Há um prólogo em Aquele Inverno em Veneza que podia terminar por ali, que nos dávamos por satisfeitos pelo filme. Numa casa de campo, Danolad Sutherland e Julie Christie convivem enquanto os dois filhos brincam cá fora. De repente, um pressentimento fa-lo correr cá para fora, mas já não chega a tempo de salvar a filha de morrer afogada. Roeg é o rei da edição e vai entremeando as duas cenas simultaneamente, fazendo o que faz Brian De Palma com o ecrã dividido, mas sem recorrer ao ecrã dividido. É quase um ecrã sobreposto. E a edição fragmentada pode ser rápida, mas nunca é epiléptica ou imperceptível, como as cenas de acção dos blockbusters da actualidade.
Este acontecimento vai perseguir o casal durante todo o resto do filme, mesmo que pareçam ter ultrapassado o trauma relativamente bem. Vamos encontra-los em Veneza, onde Sutherland está a supervisionar o restauro duma igreja. Mas não é só a água dos canais de Veneza que parece rimar com o episódio trágico; também há um vulto recorrente a usar uma gabardina vermelha, igual ao que a filha usava no momento fatídico, que teima em aparecer sempre pelo canto do olho. Se a isso juntarmos um estranho serial killer que anda pela noite veneziana e duas turistas escocesas médium que vão conhecer, a estranheza instala-se definitivamente no filme.
Aquele Inverno em Veneza é um filme inquietaste, onde uma nuvem negra vai-se abatendo lentamente sobre as personagens e sobre nós também. A tal turista escocesa médium alerta o casal para fugirem, que a tragédia esperam-nos em Veneza, mas Sutherland é um homem razoável, da ciência, que recusa acreditar em superstições. Mas a atmosfera asfixiante de Roeg e os momentos de suspeita que se vão sucedendo não matam, mas moem.

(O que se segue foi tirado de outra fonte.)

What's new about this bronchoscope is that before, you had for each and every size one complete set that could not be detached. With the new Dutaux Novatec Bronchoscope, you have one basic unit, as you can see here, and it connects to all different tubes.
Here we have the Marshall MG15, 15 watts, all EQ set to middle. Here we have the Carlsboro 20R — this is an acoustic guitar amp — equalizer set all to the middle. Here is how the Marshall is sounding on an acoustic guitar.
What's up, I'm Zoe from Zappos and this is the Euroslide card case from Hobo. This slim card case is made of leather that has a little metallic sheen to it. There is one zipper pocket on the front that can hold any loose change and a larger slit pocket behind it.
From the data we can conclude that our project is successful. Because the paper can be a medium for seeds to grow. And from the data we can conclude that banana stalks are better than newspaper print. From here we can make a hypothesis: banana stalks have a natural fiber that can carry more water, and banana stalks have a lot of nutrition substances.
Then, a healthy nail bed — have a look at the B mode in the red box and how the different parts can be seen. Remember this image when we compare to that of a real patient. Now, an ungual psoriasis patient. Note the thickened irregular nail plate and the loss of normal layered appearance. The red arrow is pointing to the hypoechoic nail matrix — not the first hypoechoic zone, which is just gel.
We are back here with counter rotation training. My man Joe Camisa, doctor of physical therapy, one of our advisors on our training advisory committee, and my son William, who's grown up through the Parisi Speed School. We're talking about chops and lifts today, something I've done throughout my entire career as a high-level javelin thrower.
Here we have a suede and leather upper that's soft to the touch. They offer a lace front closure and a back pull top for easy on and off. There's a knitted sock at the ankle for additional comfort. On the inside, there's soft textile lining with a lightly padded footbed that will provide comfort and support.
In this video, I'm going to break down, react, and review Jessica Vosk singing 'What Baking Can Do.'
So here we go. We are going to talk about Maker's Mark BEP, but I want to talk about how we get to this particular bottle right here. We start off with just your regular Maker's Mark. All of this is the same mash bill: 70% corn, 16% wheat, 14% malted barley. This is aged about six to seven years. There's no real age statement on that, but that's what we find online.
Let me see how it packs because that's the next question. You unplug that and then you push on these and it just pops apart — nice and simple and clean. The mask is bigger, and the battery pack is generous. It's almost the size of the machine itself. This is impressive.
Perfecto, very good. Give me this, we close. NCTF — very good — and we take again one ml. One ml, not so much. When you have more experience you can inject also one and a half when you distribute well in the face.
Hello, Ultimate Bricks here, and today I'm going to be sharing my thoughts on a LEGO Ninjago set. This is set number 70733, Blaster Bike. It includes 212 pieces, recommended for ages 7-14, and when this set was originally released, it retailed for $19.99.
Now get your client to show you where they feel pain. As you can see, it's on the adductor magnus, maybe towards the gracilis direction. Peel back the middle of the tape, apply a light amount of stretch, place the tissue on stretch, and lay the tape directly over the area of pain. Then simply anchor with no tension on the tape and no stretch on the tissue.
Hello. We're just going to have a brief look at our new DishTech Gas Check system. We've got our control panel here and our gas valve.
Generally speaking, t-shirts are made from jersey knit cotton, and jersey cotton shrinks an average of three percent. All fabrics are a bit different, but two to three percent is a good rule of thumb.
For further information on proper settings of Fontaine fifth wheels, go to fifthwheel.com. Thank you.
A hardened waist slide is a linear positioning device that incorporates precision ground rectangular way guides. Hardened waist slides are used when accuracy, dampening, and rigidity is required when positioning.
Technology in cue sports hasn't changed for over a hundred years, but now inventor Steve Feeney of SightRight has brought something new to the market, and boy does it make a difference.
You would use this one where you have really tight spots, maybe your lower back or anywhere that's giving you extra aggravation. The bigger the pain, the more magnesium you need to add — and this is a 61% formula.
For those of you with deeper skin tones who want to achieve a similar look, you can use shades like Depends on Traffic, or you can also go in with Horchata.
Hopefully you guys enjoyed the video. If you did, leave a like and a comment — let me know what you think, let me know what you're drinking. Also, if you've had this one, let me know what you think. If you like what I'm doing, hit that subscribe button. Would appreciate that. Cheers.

Além disso, existe outra personagem fundamental no filme e ela é… Veneza. Roeg evita todos os sítios turísticos da cidade e filma Veneza como esta nunca foi antes filmada. Nem voltará a ser! É uma Veneza escura, húmida e lamacenta de Outono, que é verdadeiramente habitada pelas suas personagens. Numa altura em que Veneza se tornou num parque de diversões para os milhões de turistas que a visitam por ano, transformando-se num simulacro dela própria, é incrível ver a sua influência para o resultado final de Aquele Inverno em Veneza, criando um certo gothic horror à italiana.
Obviamente que nem tudo é perfeito em Aquele Inverno em Veneza. Falta-lhe peneirar um pouco mais o argumento, por exemplo, ou que Nicolas Roeg não se entusiasme em demasia em avançar às vezes, para depois ter que voltar para trás – ele nunca teve grande respeito pela ordem cronológica da narrativa e aqui até faz algum sentido, pela tal queda de Sutherland pela previsão do que vai acontecer. Tudo isso faz parte do charme deste McRoyal Deluxe, um filme de terror que mistura o atmosférico com o psicológico como poucos o fizeram ate hoje.